=== Section Start ===

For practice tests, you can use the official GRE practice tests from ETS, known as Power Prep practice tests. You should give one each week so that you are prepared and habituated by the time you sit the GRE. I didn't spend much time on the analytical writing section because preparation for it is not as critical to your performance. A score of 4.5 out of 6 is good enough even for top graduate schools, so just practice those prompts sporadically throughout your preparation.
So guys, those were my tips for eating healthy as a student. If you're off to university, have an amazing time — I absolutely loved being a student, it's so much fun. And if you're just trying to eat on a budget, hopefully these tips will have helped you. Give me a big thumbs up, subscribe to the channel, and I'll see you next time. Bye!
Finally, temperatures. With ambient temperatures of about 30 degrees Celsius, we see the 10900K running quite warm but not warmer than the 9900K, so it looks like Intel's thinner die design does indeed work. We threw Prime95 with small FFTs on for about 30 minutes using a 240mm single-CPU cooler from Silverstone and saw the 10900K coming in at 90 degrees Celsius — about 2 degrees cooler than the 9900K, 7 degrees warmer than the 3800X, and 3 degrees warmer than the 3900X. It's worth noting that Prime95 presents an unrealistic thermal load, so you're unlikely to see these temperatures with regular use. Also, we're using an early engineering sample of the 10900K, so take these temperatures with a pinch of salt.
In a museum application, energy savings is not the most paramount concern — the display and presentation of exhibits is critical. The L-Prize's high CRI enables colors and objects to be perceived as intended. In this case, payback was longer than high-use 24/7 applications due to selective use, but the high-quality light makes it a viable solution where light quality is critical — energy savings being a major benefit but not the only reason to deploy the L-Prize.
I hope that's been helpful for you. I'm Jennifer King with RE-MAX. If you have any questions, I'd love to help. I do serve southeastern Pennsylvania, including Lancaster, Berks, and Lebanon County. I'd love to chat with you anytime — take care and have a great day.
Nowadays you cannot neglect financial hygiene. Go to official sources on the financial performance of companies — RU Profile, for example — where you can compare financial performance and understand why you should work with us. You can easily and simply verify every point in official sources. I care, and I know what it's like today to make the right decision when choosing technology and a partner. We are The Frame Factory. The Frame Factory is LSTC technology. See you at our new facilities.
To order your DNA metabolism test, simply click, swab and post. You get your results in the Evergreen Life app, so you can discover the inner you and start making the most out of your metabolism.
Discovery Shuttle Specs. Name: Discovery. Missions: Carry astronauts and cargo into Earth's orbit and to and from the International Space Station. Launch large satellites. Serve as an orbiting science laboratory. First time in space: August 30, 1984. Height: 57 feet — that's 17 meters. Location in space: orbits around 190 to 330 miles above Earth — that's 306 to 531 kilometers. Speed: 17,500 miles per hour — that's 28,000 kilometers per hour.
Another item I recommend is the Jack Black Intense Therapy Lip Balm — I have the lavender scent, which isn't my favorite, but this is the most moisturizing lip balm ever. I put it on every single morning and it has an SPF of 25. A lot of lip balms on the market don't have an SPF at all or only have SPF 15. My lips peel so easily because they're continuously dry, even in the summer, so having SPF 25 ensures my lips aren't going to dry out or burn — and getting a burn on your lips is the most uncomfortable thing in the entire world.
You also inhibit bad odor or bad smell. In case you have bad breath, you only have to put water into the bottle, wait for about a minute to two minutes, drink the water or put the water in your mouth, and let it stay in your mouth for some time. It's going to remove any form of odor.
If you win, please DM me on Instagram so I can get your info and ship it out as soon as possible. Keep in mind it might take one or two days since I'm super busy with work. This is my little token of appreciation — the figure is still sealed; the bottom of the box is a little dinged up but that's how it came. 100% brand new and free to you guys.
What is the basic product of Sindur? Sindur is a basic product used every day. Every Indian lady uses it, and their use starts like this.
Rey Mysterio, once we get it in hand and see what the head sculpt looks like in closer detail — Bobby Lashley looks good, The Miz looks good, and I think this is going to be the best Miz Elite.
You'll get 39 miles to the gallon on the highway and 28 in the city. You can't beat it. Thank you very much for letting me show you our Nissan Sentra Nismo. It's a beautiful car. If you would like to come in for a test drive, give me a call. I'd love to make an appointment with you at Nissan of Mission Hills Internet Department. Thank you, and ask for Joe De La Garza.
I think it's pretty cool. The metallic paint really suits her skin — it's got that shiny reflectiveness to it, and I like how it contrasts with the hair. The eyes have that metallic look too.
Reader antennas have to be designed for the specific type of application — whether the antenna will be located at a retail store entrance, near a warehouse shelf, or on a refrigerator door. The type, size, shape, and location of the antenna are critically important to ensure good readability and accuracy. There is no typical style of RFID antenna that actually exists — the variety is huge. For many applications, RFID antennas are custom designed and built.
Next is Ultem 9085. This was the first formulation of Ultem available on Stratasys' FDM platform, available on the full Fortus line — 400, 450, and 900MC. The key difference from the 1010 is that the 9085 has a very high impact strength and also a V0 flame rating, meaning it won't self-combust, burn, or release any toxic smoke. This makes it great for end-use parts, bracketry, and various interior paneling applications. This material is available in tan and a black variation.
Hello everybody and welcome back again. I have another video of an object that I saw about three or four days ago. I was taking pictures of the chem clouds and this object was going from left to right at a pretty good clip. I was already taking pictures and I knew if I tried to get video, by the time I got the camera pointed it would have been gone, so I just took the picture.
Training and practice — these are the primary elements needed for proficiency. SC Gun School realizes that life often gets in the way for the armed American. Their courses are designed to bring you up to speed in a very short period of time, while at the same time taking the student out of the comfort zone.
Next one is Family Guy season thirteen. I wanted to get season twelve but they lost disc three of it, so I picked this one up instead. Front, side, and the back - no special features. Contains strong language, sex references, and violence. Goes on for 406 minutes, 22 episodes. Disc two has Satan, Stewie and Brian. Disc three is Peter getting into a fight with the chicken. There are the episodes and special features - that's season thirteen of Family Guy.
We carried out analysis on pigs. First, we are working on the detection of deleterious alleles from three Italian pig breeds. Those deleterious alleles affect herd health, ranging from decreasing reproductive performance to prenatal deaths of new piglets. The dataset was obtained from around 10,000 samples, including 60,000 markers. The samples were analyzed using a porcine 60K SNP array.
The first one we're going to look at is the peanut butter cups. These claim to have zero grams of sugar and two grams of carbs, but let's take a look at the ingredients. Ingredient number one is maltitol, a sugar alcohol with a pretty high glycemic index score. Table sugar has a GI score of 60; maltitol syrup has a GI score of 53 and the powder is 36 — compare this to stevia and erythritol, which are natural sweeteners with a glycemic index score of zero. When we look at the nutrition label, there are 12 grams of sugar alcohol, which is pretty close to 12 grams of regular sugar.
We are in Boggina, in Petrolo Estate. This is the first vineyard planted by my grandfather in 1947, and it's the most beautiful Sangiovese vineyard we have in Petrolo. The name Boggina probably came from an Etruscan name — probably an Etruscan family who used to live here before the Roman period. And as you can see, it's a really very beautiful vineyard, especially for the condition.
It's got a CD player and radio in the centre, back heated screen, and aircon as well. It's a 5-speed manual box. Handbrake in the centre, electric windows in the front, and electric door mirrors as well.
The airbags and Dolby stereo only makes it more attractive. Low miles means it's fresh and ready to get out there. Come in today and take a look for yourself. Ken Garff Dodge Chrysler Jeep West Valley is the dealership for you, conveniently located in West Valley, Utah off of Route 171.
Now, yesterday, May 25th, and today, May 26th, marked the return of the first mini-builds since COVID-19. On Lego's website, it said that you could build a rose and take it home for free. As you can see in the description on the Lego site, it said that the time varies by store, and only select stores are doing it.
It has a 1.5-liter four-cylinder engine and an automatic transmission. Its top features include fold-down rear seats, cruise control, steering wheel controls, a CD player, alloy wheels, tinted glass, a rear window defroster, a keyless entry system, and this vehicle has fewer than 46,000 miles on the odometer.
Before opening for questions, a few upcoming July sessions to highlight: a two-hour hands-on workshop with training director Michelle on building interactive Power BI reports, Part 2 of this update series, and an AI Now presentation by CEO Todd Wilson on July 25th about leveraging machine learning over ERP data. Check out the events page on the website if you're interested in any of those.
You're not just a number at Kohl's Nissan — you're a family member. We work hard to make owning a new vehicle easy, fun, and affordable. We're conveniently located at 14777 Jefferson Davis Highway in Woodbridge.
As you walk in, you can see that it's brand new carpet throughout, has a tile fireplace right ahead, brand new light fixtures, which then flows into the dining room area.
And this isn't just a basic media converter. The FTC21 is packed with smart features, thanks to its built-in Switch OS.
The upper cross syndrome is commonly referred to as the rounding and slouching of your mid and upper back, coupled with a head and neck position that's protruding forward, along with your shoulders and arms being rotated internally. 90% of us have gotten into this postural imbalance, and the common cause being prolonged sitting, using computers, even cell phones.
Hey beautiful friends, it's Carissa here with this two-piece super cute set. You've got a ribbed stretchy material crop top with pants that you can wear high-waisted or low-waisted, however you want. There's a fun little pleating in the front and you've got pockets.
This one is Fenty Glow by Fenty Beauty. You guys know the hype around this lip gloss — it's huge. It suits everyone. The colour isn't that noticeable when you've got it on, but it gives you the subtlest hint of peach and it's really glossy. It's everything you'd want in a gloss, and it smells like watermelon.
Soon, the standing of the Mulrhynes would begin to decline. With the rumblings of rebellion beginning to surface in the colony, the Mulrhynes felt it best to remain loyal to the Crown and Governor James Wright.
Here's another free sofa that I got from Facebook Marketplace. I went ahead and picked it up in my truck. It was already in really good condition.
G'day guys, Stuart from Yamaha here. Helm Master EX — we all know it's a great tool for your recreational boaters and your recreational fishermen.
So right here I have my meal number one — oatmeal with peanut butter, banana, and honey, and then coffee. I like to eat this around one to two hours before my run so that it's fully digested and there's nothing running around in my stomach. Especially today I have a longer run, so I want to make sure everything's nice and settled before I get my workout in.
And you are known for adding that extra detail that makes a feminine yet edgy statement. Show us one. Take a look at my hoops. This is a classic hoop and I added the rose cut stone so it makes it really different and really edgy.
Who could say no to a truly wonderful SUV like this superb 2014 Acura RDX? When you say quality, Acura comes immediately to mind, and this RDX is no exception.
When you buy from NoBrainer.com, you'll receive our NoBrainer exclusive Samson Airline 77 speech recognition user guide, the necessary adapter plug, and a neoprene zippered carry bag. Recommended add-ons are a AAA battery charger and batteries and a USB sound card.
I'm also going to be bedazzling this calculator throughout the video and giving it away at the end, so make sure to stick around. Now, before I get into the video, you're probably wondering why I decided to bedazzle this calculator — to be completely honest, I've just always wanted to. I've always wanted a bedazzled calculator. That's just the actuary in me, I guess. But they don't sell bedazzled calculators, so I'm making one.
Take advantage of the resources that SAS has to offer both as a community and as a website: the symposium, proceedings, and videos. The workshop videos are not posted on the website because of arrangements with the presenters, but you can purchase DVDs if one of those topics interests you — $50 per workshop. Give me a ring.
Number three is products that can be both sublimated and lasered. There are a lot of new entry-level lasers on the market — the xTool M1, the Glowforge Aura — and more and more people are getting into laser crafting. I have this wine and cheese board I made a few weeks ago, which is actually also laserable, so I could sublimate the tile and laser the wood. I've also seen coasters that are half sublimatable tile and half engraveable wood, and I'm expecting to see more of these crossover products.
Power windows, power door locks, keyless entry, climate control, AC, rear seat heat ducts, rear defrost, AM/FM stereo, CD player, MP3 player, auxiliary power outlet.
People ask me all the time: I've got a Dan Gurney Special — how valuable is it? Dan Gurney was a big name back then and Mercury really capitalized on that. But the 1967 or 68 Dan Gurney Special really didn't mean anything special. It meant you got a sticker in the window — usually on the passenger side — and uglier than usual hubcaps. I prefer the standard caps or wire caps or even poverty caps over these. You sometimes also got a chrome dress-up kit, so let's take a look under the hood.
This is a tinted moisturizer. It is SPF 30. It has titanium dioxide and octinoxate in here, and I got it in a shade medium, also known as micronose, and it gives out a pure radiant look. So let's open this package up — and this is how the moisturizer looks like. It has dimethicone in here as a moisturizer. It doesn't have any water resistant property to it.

=== Section End ===

* **The task**: Beginning at the first line above, repeat exactly until the line containing "Finally, temperatures. With", which is included.

* **Finished task**:
For practice tests, you can use the official GRE practice tests from ETS, known as Power Prep practice tests. You should give one each week so that you are prepared and habituated by the time you sit the GRE. I didn't spend much time on the analytical writing section because preparation for it is not as critical to your performance. A score of 4.5 out of 6 is good enough even for top graduate schools, so just practice those prompts sporadically throughout your preparation.
So guys, those were my tips for eating healthy as a student. If you're off to university, have an amazing time — I absolutely loved being a student, it's so much fun. And if you're just trying to eat on a budget, hopefully these tips will have helped you. Give me a big thumbs up, subscribe to the channel, and I'll see you next time. Bye!
Finally, temperatures. With ambient temperatures of about 30 degrees Celsius, we see the 10900K running quite warm but not warmer than the 9900K, so it looks like Intel's thinner die design does indeed work. We threw Prime95 with small FFTs on for about 30 minutes using a 240mm single-CPU cooler from Silverstone and saw the 10900K coming in at 90 degrees Celsius — about 2 degrees cooler than the 9900K, 7 degrees warmer than the 3800X, and 3 degrees warmer than the 3900X. It's worth noting that Prime95 presents an unrealistic thermal load, so you're unlikely to see these temperatures with regular use. Also, we're using an early engineering sample of the 10900K, so take these temperatures with a pinch of salt.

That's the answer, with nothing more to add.